This brief account does not set out to describe the impact the affair had on the two individuals' respective work. For anyone to demand such an account seems to me totally unreasonable: That a private passion of the heart always impacts one's intellectual work is by no means a given.
What this book shows you, regardless of the subjective tinge the author may have imposed on the characters in question, is the mystery of the workings of the heart. Ettinger sketches a portrait of a woman in love but not just any woman, but a woman of exceptional intelligence, expansive soul, and loyalty -- to her own ideals of friendship. Cloying speculations concerning the psychological causes -- childhood traumas, etc -- that may have led these two individuals to live and love the way they did are left out and the book is the more elegant and tactful for it.

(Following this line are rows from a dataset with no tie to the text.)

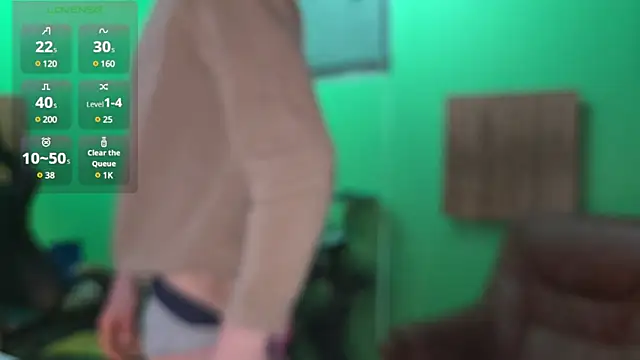 Snapshot of savage_daddyy chatting on February 28, 2025, 1:25 pm savage daddyy online show from February 28, 2025, 1:25 pm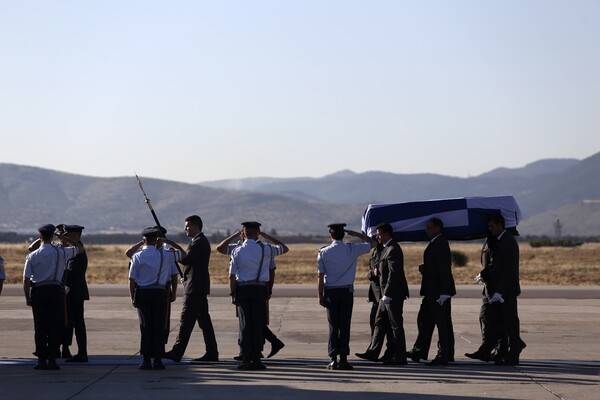 Η σορός του Κων. Μητσοτάκη ταξιδεύει για την Κρήτη, την πατρίδα του πρώην πρωθυπουργού (ΦΩΤΟΡΕΠΟΡΤΑΖ)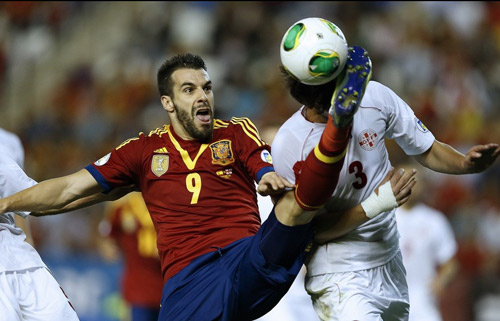 2012年西班牙国家队阵容，三新人加入夺冠行列，你还记得多少？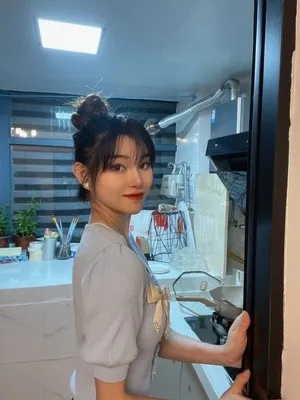 Fairy%20Ear%20Stickers%20Invisible%20Repeated%20Use%20Shaping%20Stickers%20Silicone%20Photo%20Make%20Your%20Face%20Look%20Smaller%20Fixed%20Ear%20Changing%20Wind%20Ear%20Artifact%20-%20Image%205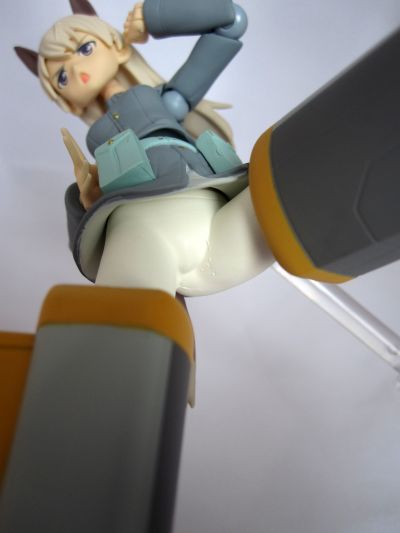 figma 强袭魔女 艾拉・伊尔玛塔・尤蒂莱南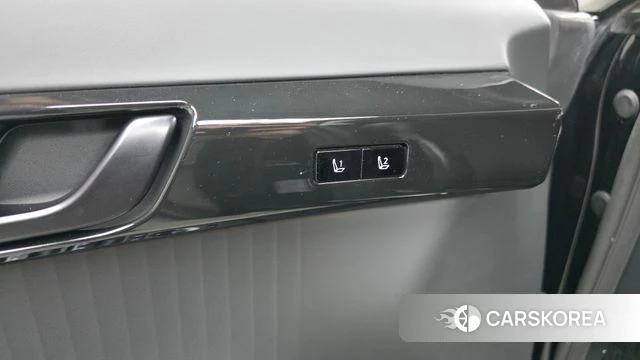 Hyundai Grandeur (GN7) id 3934588 из Кореи 8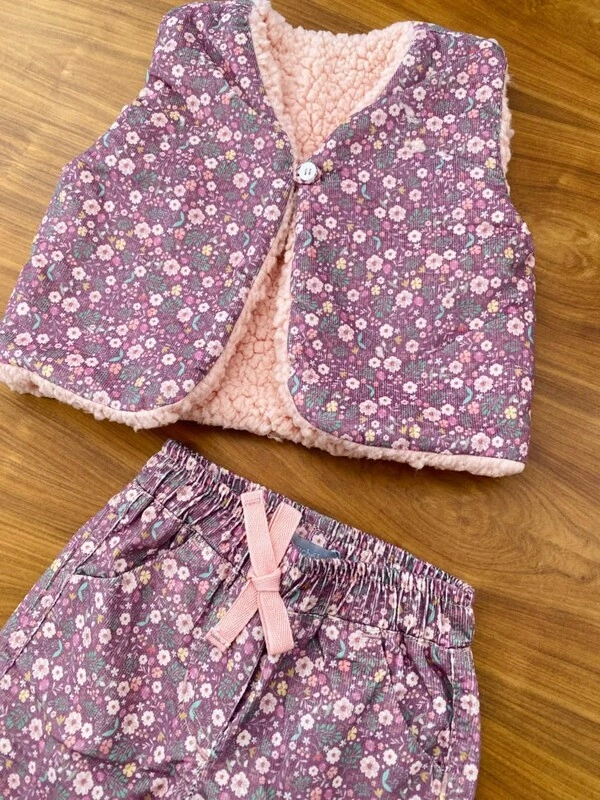 Colete Veludinho Floral Dream Colorido com Vinho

To call Arendt a naif for the way she allowed herself to be "abused over and over again" would be to admit to total lack of understanding of the very nature of love. Arendt shows over and over her desire, need, psychosis -- choose your favorite term -- to forgive a man who in many ways was unforgiveable. Love does that.
In this double portrait of two people who happened to be academic thinkers, some 50 years is rendered as if it were a day. Heidegger comes off here as a man not above the sort of pettiness and calculation you and I lapse into occasionally, while Arendt is portrayed, without forcing any evidence to this purpose, as the kind of woman who could leave behind a legacy of not only of thinking but also of loving in the grand style. Great and important as Heidegger may be in the history of western philosophy, he may, alas, very well have been one of those gnomish professors we've all come across in our lives: brilliant and thus all the more annoying when they put their intelligence and intellect in the service of self-serving calculation. This book, written in clear prose and balance, confirms the disturbing (and disappointing) fact character and thought are not always equally winged.
Forget the names of the characters involved. Read it as a document of a love that would have made a great B&W movie as well, with the late Ingrid Bergman as Arendt, and Mickey Rooney as Heidegger.